Gaining Ground – Select Licks
This is my first column in many months. Having recently finished a major site overhaul, it is nice to back writing again. I have gotten a lot of requests to transcribe some solos off the 2nd Dark Shift record “Gaining Ground.” You can check out the record direct www.darkshift.com, or through any major online retailer like iTunes, emusic, rhapsody, napster, etc… Before we get into transcriptions, I will talk a bit about the ideas, philosophy, and writing ideas that went into making a record.
Making a Record
Making a new record is always an interesting experience. In your mind you always want to do the best you can and hopefully come out with a product that people will actually like at the end of the day. You write a bunch of songs, rehearse the hell out of them, and then enter the studio. After a lot of work and stress, it all ends one day. You get the product back from duplication and then smile in relief that it is over. Mission accomplished… even know the real work has only just begun.
It is a very exciting thing to watch a record come together. Most people don’t truly understand all the work that goes into producing a record. Taking a vision from your head and making it a sonic reality can be a very gratifying thing. Vision is one of the most important elements of a record. “Gaining Ground” had one goal: to rock. As a band we wanted to make a record that was catchy, had lots of energy, was fun to listen to, and rocked the whole way through. Whether or not we accomplished that doesn’t matter really. Everyone experiences music differently. One thing that really stuck out to me at least was that a lot of heavy music in my humble opinion, and what the heck do I know anyways, lacks melody. That is something we wanted to tackle in our vision: make a heavy record that has lots of melody, not just on guitars, but on bass, and vocally. So that was the concept behind the record and what the songs were written around.
After you have recorded most of the material (drums, bass, guitars, and maybe vocals), then it is time to record the solos usually.

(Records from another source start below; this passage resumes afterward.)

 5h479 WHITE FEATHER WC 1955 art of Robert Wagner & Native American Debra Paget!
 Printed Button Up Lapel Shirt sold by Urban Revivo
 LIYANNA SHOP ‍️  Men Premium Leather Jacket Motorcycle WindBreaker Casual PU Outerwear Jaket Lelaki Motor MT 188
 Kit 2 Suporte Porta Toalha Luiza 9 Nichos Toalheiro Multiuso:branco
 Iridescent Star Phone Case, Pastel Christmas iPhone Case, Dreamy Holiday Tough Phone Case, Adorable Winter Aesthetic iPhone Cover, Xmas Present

Recording Gaining Ground was a lot of fun, but also a challenge. I not only had to record solos, but produce, record, and mix the whole record. When it came time to lay down my parts, I was out of shape chops wise as I had been spending too many hours recording. So I went on a 2 1/2 week non stop chops rehabilitation in my practice. When I sat back down in the engineer’s chair, I was ready to go.

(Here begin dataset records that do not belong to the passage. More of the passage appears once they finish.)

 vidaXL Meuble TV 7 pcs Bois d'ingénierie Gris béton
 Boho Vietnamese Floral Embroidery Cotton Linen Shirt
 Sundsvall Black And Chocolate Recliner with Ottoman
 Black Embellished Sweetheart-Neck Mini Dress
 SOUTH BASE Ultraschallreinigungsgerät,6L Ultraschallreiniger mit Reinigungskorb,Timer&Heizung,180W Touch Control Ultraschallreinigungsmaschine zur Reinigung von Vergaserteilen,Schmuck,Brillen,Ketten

Since the record itself consists of a lot of high energy songs, it required some pretty energetic and explosive solos. The challenge was to try to come up with a good mixture of being catchy and maintaining the energy. One of the hardest things I’ve always thought is making ripping lines catchy. It is and always has been a constant battle for all us shredder type players. Luckily I planned ahead before writing solos and I made sure that all the riffs I’d be soloing over were riffs I thought that were catchy. Often a good riff helps make a good solo. Again, whether I ultimately accomplished my goal or not on this record doesn’t matter to me. It is the vision and the intent that counts and drives you to improve. As long as you do your best to fulfill your vision, who cares what anyone else thinks.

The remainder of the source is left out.